- _Directions_
Only an exact copy is wanted: the lines from the one holding "Handmade Butterfly Embroidered" through the last line below, minus the pictures.

- _Data_
****
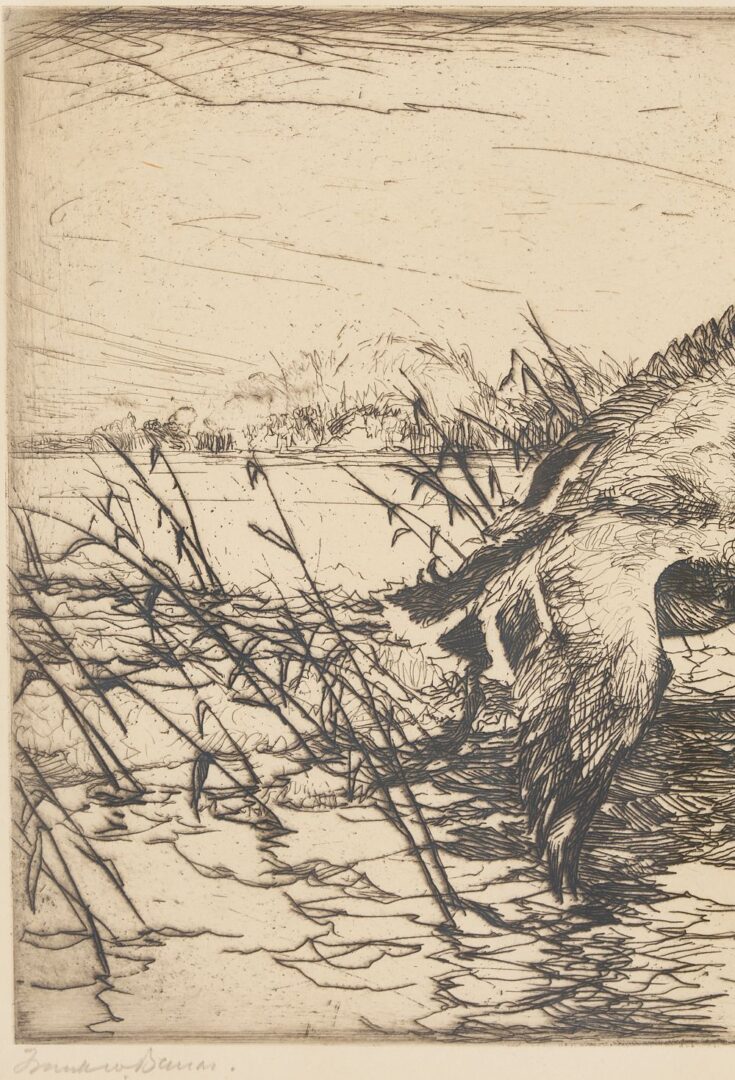 Lot 497: Frank Benson Etching, Duck in Flight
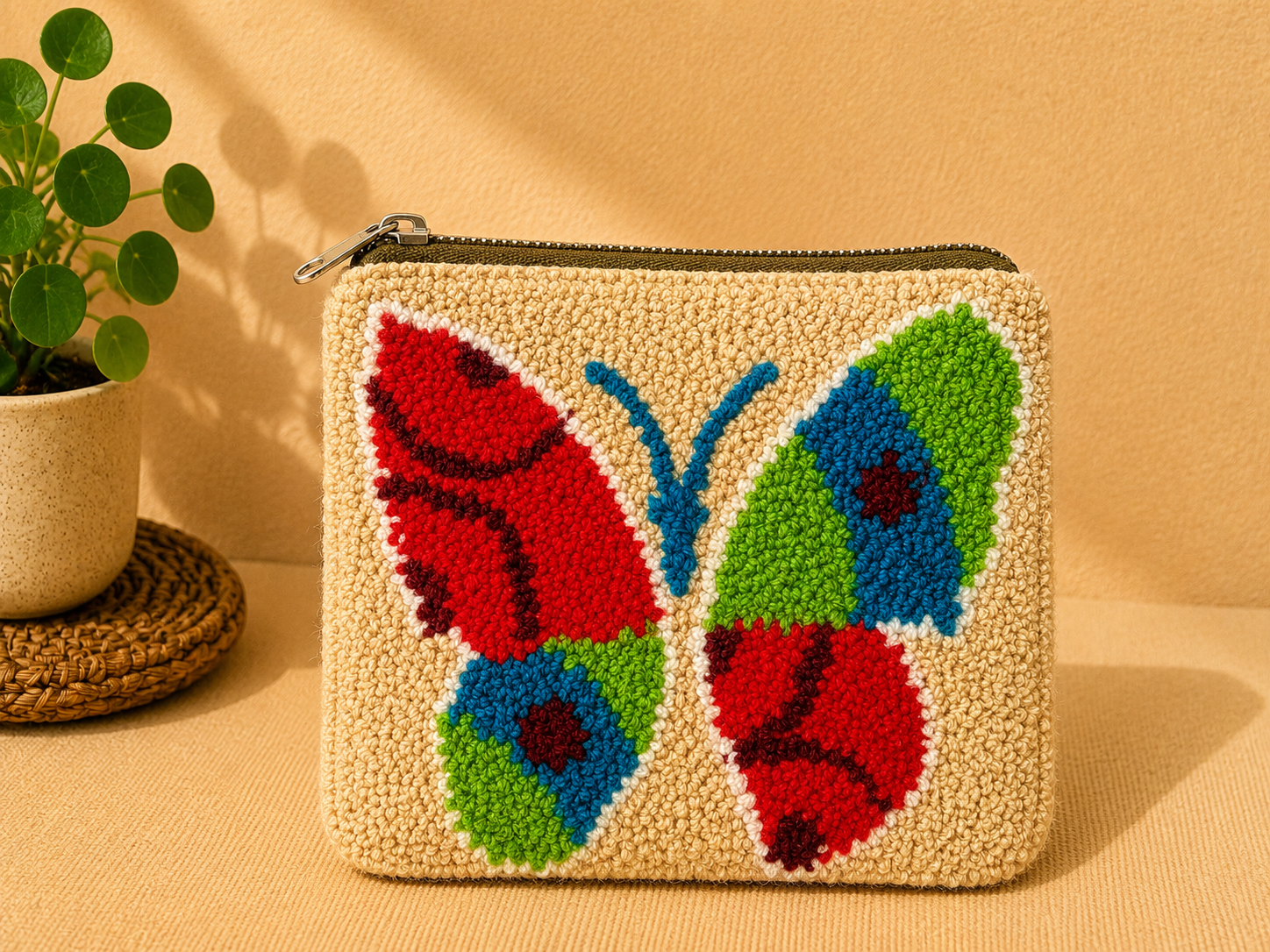 Handmade Butterfly Embroidered Zip Pouch | Botanical Stories Collection | Artisan Cosmetic & Accessory Bag
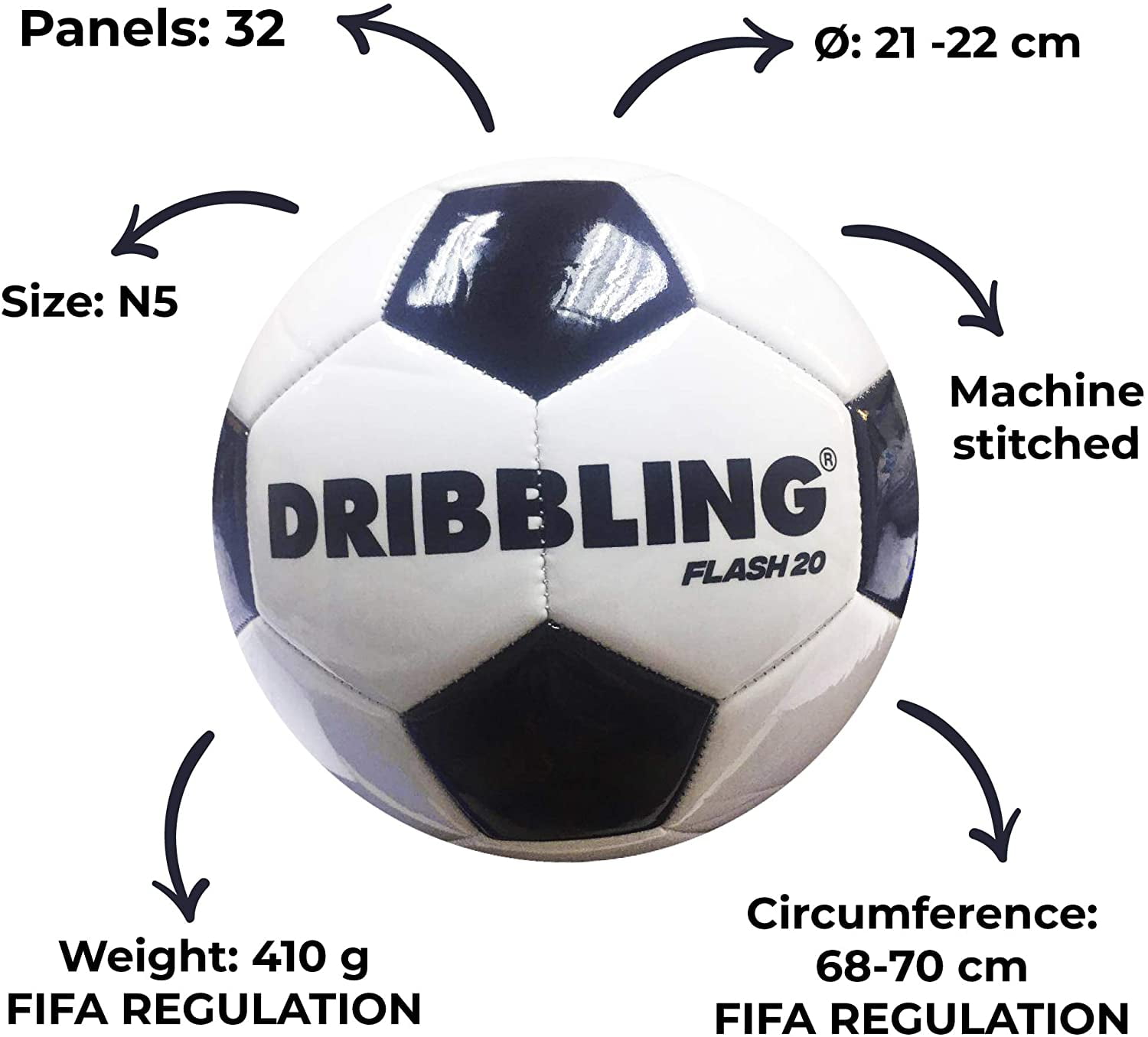 PU Youth Size DRB Soccer Ball Paises Argentina Flag Machine Stitched PVC Nº5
****
- _Response to the exercise_
 Handmade Butterfly Embroidered Zip Pouch | Botanical Stories Collection | Artisan Cosmetic & Accessory Bag
 PU Youth Size DRB Soccer Ball Paises Argentina Flag Machine Stitched PVC Nº5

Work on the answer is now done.